NEW YORK — NASA’s newest space telescope, an ambitious X-ray observatory, launched into orbit June 13 on a mission to peer deep into the universe and study the violent regions around black holes.
The Nuclear Spectroscopic Telescope Array (NuSTAR) spacecraft launched spaceward at the tip of an Orbital Sciences Corp. Pegasus XL rocket, which itself was carried into launch position by a high-altitude L-1011 Stargazer jet aircraft. At 12 p.m. Eastern Time, the plane dropped the rocket where the booster fired its engines for its climb into the sky.
“Today was a great day for NuSTAR, a great day for Pegasus, a great day for the entire launch team,” Tim Dunn, NASA’s assistant launch director, said after the liftoff. “We thank Orbital Sciences for the ride, and we’re ready to get into the science portion of the mission.”
The liftoff occurred just south of the Kwajalein Atoll in the Pacific Ocean. Originally scheduled for 11:30 a.m. Eastern Time, the launch was delayed 30 minutes to allow technicians to resolve a minor technical issue.

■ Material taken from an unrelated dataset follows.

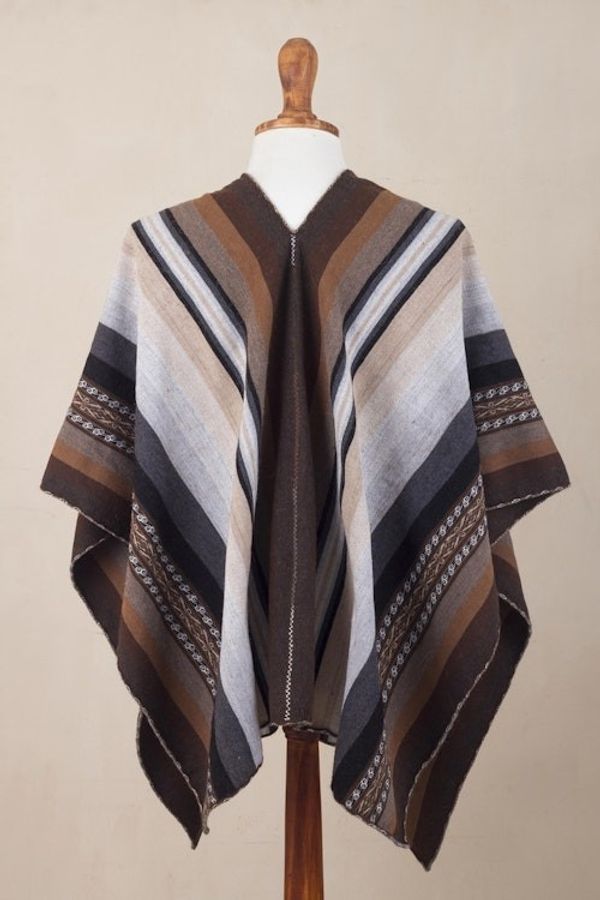 Alternate image for Backstrap Handwoven Mens Alpaca Poncho in Earth Tones Chinchero Legacy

The $165 million NuSTAR observatory is beginning a two-year mission to probe high-energy regions of the universe, including black holes and the remnants of stars that died in supernova explosions. It will use a telescope sensitive to regions of the X-ray spectrum of light that are higher in energy than observed before.
“With NuSTAR, we’ll be able to image the sky, read the story and understand things like how galaxies form, and how black holes grow,” NuSTAR Principal Investigator Fiona Harrison of the California Institute of Technology said during a June 11 press briefing. “It will pinpoint these massive black holes and locate them within galaxies.”
In the next several days, NuSTAR will extend a 10-meter mast that will separate the spacecraft’s optics from a focal point where a camera is placed, making the whole instrument roughly the length of a school bus. The telescope uses two optical units made of 133 nested layers of glass each, which will collect X-ray light and deflect it to the focal point at the mast’s other end.
One of the telescope’s first targets will be a well-known black hole close to home.
“One of the first things we’ll look at is Cygnus X-1, a black hole in our own galaxy, which acts as a perfect point source for us to check how crisp our images are,” said William Craig, NuSTAR instrument manager at the University of California at Berkeley.
NuSTAR also will study the center of the Milky Way galaxy, where a supermassive black hole containing the mass of 4 million suns is thought to reside. A number of fuzzy light sources at the galaxy’s center suggest the presence of this black hole, but details are scant.
NuSTAR will “give us both the energy and location of all these sources, allowing us to really probe in the high energy [spectra] into the physics of the objects that are at the galactic center,” Craig said. “It opens up a new window into the high-energy universe.”